Pour Merkel, l'UE doit mettre fin aux promesses d'adhésion
La chancelière allemande Angela Merkel a estimé, vendredi, qu'à l'avenir l'Union Européenne ne pourrait "plus se permettre de faire des promesses d'adhésion", réaffirmant privilégier la progression de l'intégration des nouveaux membres à un nouvel élargissement.
"Je pense que dans un proche avenir nous ne pourrons plus nous permettre de faire des promesses fermes sur des nouvelles adhésions", a-t-elle affirmé au cours d'un forum sur l'avenir de l'Europe. La conservatrice Angela Merkel, dont le pays assumera la présidence de l'UE au premier semestre 2007, a cité expressément les pays des Balkans et l'Ukraine.

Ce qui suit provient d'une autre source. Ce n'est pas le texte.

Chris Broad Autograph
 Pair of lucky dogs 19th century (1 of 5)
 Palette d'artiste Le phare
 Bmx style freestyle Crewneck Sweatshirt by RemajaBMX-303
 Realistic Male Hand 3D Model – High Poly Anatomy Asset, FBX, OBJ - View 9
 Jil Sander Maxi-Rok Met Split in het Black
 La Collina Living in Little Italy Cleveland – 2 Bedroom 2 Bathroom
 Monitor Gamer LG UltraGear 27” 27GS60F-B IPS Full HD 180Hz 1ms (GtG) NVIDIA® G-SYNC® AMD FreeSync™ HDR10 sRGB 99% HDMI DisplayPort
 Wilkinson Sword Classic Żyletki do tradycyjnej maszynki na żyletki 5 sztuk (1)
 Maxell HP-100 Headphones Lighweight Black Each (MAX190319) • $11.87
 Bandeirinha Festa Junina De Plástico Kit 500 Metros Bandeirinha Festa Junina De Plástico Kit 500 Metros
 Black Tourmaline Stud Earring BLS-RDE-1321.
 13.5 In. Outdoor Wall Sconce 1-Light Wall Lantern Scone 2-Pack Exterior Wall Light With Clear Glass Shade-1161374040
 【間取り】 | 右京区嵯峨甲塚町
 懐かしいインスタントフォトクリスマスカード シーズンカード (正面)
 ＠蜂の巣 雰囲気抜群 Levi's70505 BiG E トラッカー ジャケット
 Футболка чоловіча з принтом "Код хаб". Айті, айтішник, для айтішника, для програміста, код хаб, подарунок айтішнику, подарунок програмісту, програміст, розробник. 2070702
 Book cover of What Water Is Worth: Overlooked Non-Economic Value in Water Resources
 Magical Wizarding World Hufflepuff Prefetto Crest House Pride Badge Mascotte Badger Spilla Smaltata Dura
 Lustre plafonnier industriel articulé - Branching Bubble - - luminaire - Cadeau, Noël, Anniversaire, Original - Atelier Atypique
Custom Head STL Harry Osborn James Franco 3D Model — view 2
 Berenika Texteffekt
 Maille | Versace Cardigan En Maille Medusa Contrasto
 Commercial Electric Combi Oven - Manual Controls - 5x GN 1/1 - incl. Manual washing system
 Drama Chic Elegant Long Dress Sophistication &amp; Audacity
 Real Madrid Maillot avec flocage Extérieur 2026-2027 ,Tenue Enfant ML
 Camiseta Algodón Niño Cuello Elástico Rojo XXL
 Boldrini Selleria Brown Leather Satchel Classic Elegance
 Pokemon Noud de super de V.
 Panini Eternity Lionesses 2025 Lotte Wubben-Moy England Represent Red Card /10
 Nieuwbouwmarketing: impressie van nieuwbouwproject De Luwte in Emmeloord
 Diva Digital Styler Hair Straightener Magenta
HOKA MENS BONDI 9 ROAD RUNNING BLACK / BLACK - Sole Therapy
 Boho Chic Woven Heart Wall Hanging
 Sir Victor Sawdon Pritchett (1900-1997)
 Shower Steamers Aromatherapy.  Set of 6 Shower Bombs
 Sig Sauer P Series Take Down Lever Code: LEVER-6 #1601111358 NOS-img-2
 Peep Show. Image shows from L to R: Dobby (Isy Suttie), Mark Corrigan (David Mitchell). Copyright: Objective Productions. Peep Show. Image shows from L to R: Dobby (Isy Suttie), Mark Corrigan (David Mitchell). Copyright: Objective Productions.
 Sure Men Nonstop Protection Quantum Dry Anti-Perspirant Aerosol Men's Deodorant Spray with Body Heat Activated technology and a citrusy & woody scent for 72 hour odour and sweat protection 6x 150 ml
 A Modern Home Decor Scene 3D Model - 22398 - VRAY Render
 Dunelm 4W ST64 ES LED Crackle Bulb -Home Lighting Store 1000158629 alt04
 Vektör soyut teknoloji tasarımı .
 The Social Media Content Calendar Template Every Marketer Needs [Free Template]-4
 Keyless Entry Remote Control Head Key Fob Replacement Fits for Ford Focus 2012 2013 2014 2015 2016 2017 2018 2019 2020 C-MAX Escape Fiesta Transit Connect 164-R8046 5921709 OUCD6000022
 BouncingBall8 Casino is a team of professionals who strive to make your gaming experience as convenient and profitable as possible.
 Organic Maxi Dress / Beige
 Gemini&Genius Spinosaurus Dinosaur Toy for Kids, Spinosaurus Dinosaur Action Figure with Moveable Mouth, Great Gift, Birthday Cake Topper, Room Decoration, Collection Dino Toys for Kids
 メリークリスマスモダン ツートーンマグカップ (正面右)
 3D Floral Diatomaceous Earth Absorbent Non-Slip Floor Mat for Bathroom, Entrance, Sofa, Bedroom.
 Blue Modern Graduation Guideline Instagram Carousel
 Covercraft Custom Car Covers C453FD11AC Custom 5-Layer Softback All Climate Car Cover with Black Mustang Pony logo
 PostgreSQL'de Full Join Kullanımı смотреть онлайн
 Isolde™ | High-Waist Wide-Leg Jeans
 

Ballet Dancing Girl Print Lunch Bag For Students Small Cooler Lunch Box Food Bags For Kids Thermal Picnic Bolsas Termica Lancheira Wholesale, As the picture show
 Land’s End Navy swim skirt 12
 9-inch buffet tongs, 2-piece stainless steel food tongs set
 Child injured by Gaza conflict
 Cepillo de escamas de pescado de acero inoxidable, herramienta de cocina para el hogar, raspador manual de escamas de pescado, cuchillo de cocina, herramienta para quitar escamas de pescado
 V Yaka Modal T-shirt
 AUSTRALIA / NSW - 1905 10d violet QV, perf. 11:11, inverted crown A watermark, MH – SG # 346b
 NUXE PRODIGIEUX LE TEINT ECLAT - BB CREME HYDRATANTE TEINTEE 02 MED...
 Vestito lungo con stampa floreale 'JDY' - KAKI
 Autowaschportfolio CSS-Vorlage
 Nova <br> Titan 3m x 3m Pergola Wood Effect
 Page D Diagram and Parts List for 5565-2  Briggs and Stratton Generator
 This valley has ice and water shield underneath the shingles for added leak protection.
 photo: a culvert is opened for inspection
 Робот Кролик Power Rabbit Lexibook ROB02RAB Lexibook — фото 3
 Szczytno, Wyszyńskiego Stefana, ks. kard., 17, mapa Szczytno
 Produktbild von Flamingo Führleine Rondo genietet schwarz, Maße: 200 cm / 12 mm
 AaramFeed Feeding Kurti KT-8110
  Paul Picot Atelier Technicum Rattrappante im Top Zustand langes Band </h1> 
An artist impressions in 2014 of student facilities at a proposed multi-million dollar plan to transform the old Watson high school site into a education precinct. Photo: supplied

"Je sais qu'il y a d'autres avis, notamment du côté de notre voisin polonais", mais "on ne peut pas tout faire, à la fois miser sur la promotion de l'intégration des pays membres et vouloir l'élargissement", a-t-elle souligné. "Il faut que les contours à l'intérieur comme à l'extérieur de l'Europe soient plus nets", afin que l'UE soit "capable de travailler" et de faire face à la concurrence, a-t-elle souligné.
L'Allemagne est partisane d'un "partenariat privilégié" entre la Turquie et l'Union européenne, et non d'une adhésion à part entière. Mme Merkel a demandé que la Turquie respecte ses obligations vis-à-vis de Chypre. La question de l'île divisée depuis 1974, dont la moitié méridionale est entrée dans l'UE en 2004, perturbe les relations entre Ankara et l'Union européenne.